# 12 month rolling highs



## burrow (16 January 2014)

Each day, some newspapers list the ASX companies which have reached a rolling 12 month high. Can anybody point me to where I can source this info online?

Cheers,

Burrow.


----------



## WillyWonka (16 January 2014)

[SUP][/SUP]







burrow said:


> Each day, some newspapers list the ASX companies which have reached a rolling 12 month high. Can anybody point me to where I can source this info online?
> 
> Cheers,
> 
> Burrow.




You could use my spread sheet in the previous thread. Then all you would have to do is make a new column that =52high/last sale price. An answer of 1 would indicate it is selling at the 52 week high where as a number like .143 would indicate it is close to the 52 week low.


----------



## Valued (16 January 2014)

WillyWonka said:


> [SUP][/SUP]
> 
> You could use my spread sheet in the previous thread.
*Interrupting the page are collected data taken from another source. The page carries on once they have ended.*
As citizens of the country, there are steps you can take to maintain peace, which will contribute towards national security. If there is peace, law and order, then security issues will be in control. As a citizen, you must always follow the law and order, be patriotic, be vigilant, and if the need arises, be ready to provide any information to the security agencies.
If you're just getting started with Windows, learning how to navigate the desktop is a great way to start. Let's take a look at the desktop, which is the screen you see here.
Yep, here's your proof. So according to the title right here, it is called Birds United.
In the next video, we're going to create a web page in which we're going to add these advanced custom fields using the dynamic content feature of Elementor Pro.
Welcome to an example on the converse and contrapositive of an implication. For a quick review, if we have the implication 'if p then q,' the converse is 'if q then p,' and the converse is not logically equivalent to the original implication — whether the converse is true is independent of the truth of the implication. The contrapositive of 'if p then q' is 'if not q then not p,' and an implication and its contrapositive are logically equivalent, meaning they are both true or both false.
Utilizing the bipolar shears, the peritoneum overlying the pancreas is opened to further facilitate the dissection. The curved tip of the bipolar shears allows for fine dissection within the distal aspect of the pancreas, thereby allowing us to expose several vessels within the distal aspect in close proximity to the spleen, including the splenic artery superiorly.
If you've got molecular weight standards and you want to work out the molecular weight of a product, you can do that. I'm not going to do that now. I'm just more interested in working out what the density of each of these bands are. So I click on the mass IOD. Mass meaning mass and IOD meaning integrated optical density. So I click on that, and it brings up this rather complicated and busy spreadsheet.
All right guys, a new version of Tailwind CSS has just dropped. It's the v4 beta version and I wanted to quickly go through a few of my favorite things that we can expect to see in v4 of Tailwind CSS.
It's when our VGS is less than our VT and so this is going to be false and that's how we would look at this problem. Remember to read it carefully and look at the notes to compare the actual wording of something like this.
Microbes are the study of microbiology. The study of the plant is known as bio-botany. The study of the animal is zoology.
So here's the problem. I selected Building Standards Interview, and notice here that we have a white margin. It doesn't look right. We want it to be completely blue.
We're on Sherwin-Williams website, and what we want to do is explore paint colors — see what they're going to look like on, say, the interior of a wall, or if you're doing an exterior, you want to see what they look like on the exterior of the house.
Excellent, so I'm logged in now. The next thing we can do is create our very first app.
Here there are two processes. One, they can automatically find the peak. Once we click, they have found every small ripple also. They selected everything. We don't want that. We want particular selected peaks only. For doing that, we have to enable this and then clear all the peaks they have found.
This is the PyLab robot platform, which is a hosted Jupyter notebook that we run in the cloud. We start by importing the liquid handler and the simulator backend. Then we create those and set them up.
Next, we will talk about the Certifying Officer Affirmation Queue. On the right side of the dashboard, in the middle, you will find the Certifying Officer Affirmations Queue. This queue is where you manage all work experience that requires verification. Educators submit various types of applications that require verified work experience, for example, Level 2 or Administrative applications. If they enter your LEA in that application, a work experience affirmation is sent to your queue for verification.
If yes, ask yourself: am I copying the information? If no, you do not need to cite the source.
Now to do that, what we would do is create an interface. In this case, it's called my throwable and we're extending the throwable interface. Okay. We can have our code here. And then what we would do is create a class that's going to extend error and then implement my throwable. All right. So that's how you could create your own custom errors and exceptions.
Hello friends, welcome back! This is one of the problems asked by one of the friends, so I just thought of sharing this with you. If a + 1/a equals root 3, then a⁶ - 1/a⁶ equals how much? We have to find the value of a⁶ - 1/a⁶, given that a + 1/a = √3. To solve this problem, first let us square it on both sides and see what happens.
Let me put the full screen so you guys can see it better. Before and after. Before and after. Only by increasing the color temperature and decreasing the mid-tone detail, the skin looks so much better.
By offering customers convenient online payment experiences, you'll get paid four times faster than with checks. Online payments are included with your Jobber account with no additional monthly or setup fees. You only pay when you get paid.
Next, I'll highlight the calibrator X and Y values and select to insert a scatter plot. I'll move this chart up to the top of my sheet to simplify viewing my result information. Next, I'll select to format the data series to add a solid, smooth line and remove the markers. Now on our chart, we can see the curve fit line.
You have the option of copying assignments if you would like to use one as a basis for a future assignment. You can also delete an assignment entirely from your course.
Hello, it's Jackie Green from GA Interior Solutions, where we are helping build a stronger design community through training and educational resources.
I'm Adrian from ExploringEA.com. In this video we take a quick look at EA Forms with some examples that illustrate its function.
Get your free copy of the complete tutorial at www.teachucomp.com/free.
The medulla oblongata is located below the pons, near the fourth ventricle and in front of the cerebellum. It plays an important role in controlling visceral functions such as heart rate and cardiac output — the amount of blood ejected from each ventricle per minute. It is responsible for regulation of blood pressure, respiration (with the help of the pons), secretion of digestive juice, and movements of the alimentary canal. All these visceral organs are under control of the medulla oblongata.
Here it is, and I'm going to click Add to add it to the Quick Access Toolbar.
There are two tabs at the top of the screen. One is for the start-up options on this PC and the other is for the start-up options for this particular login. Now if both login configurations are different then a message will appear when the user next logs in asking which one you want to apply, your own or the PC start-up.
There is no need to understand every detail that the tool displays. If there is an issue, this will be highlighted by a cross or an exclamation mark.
Then all you would have to do is make a new column that =52high/last sale price. An answer of 1 would indicate it is selling at the 52 week high where as a number like .143 would indicate it is close to the 52 week low.




I tried that and couldn't figure it out lol.

You can do this with commsec, but it's not very user friendly. It has to be done via their interactive charts/ searching rather than their normal searching. You can't just search for 52 weeks highs but rather the ratio of the current price to the 52 week high, but it can be done.


----------



## skc (16 January 2014)

Try this

http://asxiq.com/


----------



## WillyWonka (16 January 2014)




----------



## piggybank (16 January 2014)

skc said:


> Try this
> 
> http://asxiq.com/




Hi skc,

I only got as far as looking at those gorgeous Asian beauties at the top of the page

On a more serious note. You can get the 52 weeks high from here - http://asxinvestordata.blogspot.com.au/2014/01/asx-rolling-52-week-highs-15-jan-2014.html

as well as these - which you (and others) may find useful.



	

		
			
		

		
	
 - 

Regards
PB


----------



## tinhat (16 January 2014)

piggybank said:


> Hi skc,
> 
> I only got as far as looking at those gorgeous Asian beauties at the top of the page




Off topic...

A lot of people don't realise that google's ad platform delivers tailored advertising based on the user's individual surfing history. When I visit that page I get a boring ad for video conversion software. You're surfing habits might be more interesting than mine!


----------



## Valued (16 January 2014)

They are doing a poor job. My advertisment is for sportsbet. I went to that website the year before last to place one bet on the Melbourne cup. I won about $150 and never went back again. I don't even like sports.


----------



## skc (16 January 2014)

tinhat said:


> Off topic...
> 
> A lot of people don't realise that google's ad platform delivers tailored advertising based on the user's individual surfing history. When I visit that page I get a boring ad for video conversion software. You're surfing habits might be more interesting than mine!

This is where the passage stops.